## EXTRACTED RECORDS
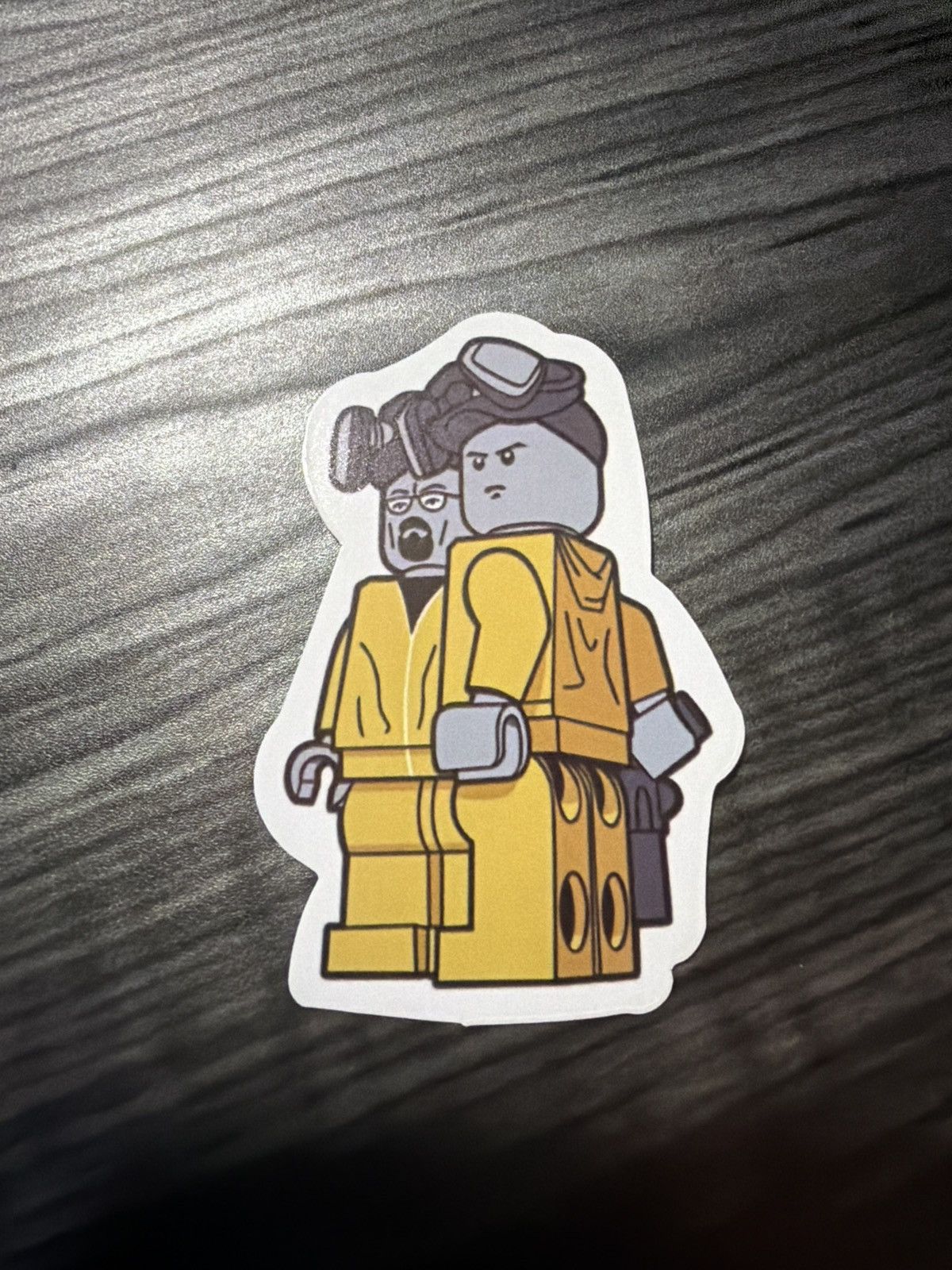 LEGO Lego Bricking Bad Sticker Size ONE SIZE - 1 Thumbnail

* * *

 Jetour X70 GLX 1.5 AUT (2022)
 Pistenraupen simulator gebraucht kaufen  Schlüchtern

## WHAT IS BEING ASKED
Using the listing above, copy exactly the line that contains "Jetour X70 GLX 1.5 AUT (2022)", the line that contains "Pistenraupen simulator gebraucht", and each line that falls between them.

## REPLY TO THE TASK
 Jetour X70 GLX 1.5 AUT (2022)
 Pistenraupen simulator gebraucht kaufen  Schlüchtern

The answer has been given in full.